Castro Street and Noe Valley
The center of gay San Francisco, and a landmark for gay culture everywhere, the Castro’s bars, dance clubs, restaurants, and one-of-a-kind shops abound in the commercial area around 18th and Castro Street. There’s arguably more street life in the Castro than anywhere else in the city, especially on weekends. The Sisters of Perpetual Indulgence sometimes make an appearance at special events (they’re really men in nun drag), and take it from us-this is the place to be on Halloween. Trek up Castro to Liberty Street to see exceptional Victorian homes. Over the hill lies Noe Valley and its main shopping strip, 24th Street. Cute and relatively quiet, Noe Valley has enough great restaurants and gourmet food shops to make it sophisticated, but not so many chromed-up bars and Italian clothing boutiques to make it stuffy.

Chinatown
The greatest single concentration of Chinese people outside of Asia-a population of 80,000-live in the approximately 24 square blocks of Chinatown, making it the most densely populated area of San Francisco. As you walk around, you’ll be richly rewarded by the sights, sounds, smells and tastes of this vibrant community. Grant Avenue is the decorative showpiece of Chinatown. Try dim sum for lunch and select your dinner while it’s still swimming!

Civic Center and Hayes Valley
Stately Beaux Arts buildings like the Opera House and the domed, renovated City Hall tolerate the Louise M. Davies Symphony Hall and the Public Library’s graceful Main Branch, both architectural newcomers. Nearby Hayes Valley offers fine dining and apres-symphony toddies for concert-goers, as well as tastefully creative stores for clothing and gifts.

Cow Hollow and Union Street
The most gracious, imposing homes of Cow Hollow (so named for its original bovine residents) are nestled against the Presidio where Pacific Heights dives to the Marina. Spectacular views are the norm. Straight, single yuppies pack the Balboa Cafe, Sushi Chardonnay, and other bars and restaurants on Fillmore and Union Streets. Clothes hounds can easily fritter away a day in Union Street’s tasteful boutiques.

Downtown and Union Square
Union Square is the heart of San Francisco’s bustling and stylish downtown shopping district. Posh department stores such as Neiman Marcus ring the one-block square park. Hundreds of other exclusive stores and boutiques lie within a three-block radius of the square. If you’ve shopped till you’ve dropped, pick yourself up at an outdoor cafe in tiny Maiden Lane, and restore the soul at one of the many art galleries on Sutter and Geary Streets. This is also the home of San Francisco’s modest Theater District.

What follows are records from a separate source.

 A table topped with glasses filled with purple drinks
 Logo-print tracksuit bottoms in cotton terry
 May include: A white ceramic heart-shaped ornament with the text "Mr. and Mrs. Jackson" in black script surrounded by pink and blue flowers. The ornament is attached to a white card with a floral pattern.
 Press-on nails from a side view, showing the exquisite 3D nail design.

Financial District and The Embarcadero
“The Wall Street of the West:” Bank of America, Charles Schwab, and the Transamerica Corporation (in its landmark, 48-floor Pyramid) are among the many banks and corporations headquartered here. The Embarcadero Center features dining, shopping, a fine art cinema, and a health club. Justin Herman Plaza is the starting point for the infamous Critical Mass bike ride and the site of New Years Eve bashes. The Embarcadero itself fronts the Bay for miles on either side of the imposing Ferry Building, modeled on the cathedral tower in Seville, Spain.

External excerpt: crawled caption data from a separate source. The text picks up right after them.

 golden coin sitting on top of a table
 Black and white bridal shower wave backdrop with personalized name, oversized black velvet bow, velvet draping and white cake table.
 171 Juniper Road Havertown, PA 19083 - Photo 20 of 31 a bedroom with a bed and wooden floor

Fisherman’s Wharf, Ghirardelli Square, and Aquatic Park
Once the thriving center of San Francisco’s fishing industry. Many fishing boats still dock at the Wharf, but Fisherman’s Wharf today is more of an extended tourist trap. Pier 39 is fun thanks to the delightful colony of sea lions which annexed its boat marina. Aquatic Park features a beach, of sorts, and a long pier spiraling well out into the Bay. Old sea-dogs will enjoy adjacent Hyde Street Pier, where the tall ship Balclutha and other historic ships are docked, and the Maritime Museum. Ghirardelli Square, a chocolate-factory-turned-shopping-and-restaurant-complex, features some of the city’s better dining and views. Nice for an evening stroll.

Golden Gate Park
With 1000 acres of gardens, meadows, lakes, golf, archery, and internationally recognized art and science museums, Golden Gate Park offers endless recreational possibilities for visitors and locals. The M.H deYoung Memorial Museum, the remarkable Asian Art Museum, and the California Academy of Sciences are the main cultural attractions in the Park. Along with the San Francisco Zoo and the Japanese Tea Garden, they draw millions of visitors each year. At the western edge of the park, Ocean Beach, although unappealing for swimming, attracts hard-core surfers with its rough, frigid and unpredictable waves.

Lower Haight
The area around Haight and Fillmore feels at once more bohemian and less unsavory than the Haight Ashbury to the west. Ethnic restaurants, unpretentious cafes, and independent bookstores are mushrooming in this neighborhood that as recent as the early 1990s was dangerous. The youngish street life is lively on nights and weekends. The Haight Ashbury Street Fair is also popular.

Nob Hill & Russian Hill
On impossibly steep Nob Hill, California’s early industrialists built fabulous mansions that looked down upon the rest of San Francisco. While only the imposing Flood Mansion remains-now the Pacific Union Club-the area’s five-star hotels bear the names of other Nob Hill denizens: The Mark Hopkins, the Renaissance Stanford Court Hotel, and the Huntington. Facing Huntington Park is Grace Cathedral, a 3/4 replica of Paris’ Notre Dame. Adjoining Nob Hill is Russian Hill, where San Francisco’s old money has a great view of the Bay. The “Crookedest Street in the World” resides here and snakes down Russian Hill for the 1000 block of Lombard. The traffic is generally impossible-walk it!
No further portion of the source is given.